Ha ragione Aisha Yesufu che guida il manipolo di animosi riuniti in «Bring back our girls», ridateci le nostre ragazze: proprio il giorno in cui loro fuggivano nella foresta con il cuore in gola, ha tentato di manifestare ad Abuja, la capitale, davanti al palazzo del presidente, per gridare che da ottanta giorni le studentesse innocenti sono scomparse e nessuno fa niente. Li hanno cacciati via.
A Chibok ancora gente che sfila, per invocare addirittura l’intervento delle Nazioni Unite e l’apertura di trattative con i terroristi: non perché li amino, anzi, ma poiché nessuno riesce a fermarli. Da aprile quando le ragazze sono state sequestrate solo in questa zona del paese i ribelli islamisti hanno saccheggiato una ventina di villaggi e ucciso duecento persone. Nella più totale indifferenza.
Vorremmo vedere ora queste ragazze con i loro occhi di smalto, occhi furtivi, occhi notturni di chi attorno a sé respira la quotidianità del male, della miseria, della fatica di vivere, ascoltarle con i loro vezzi, i trasporti, le collere, gli abbandoni di donna mentre raccontano dei loro sequestratori, dei giorni da ostaggi in cui la solitudine è come l’aria che si respira, se ne serve senza vederla, dei giorni come bestiame nel recinto; i rapitori, uomini da preda, segnati, ed è per loro che vengono le guerre, per cui il Peccato è in tutto giacché non è identificabile e la religione si esaurisce in una formula, «la yadjuz», non è permesso.

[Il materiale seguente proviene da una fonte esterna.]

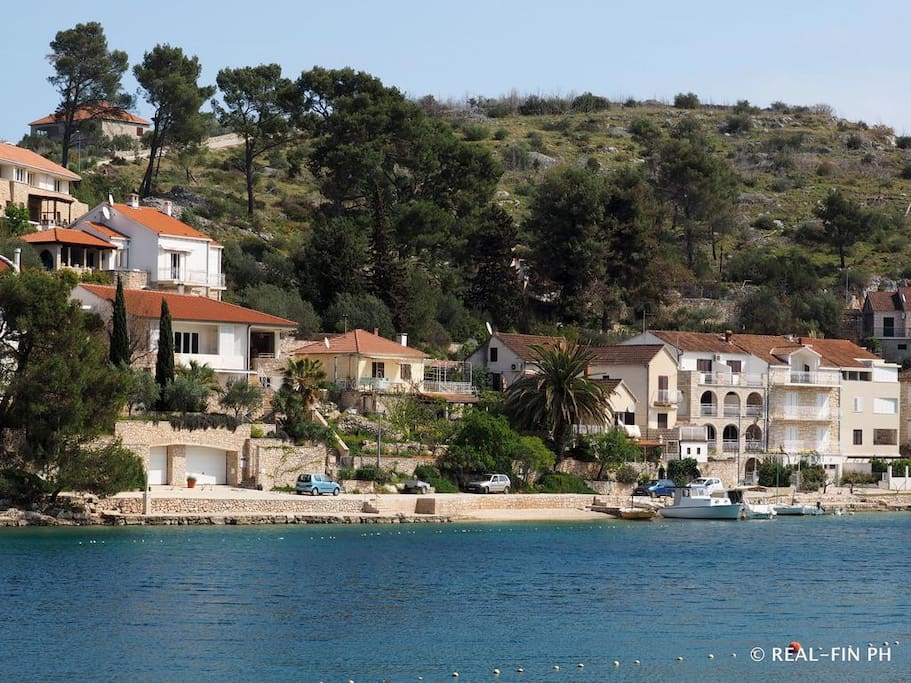 Property 10 meters from the sea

Le presenze tremende che è toccato loro conoscere, come si sfogliano le immagini di un bestiario infernale o le reliquie di un incantesimo malefico, servono a far da platea al loro duello con l’insensatezza speculare del mondo. Sicché è senza paura che le vediamo incamminarsi a riprendere la loro libertà, la loro giovinezza raggiante e minacciata. E si apprestano a una nuova vita sull’ala della speranza, e sono forse felici perché l’unica felicità concreta che esiste qui è quella imminente.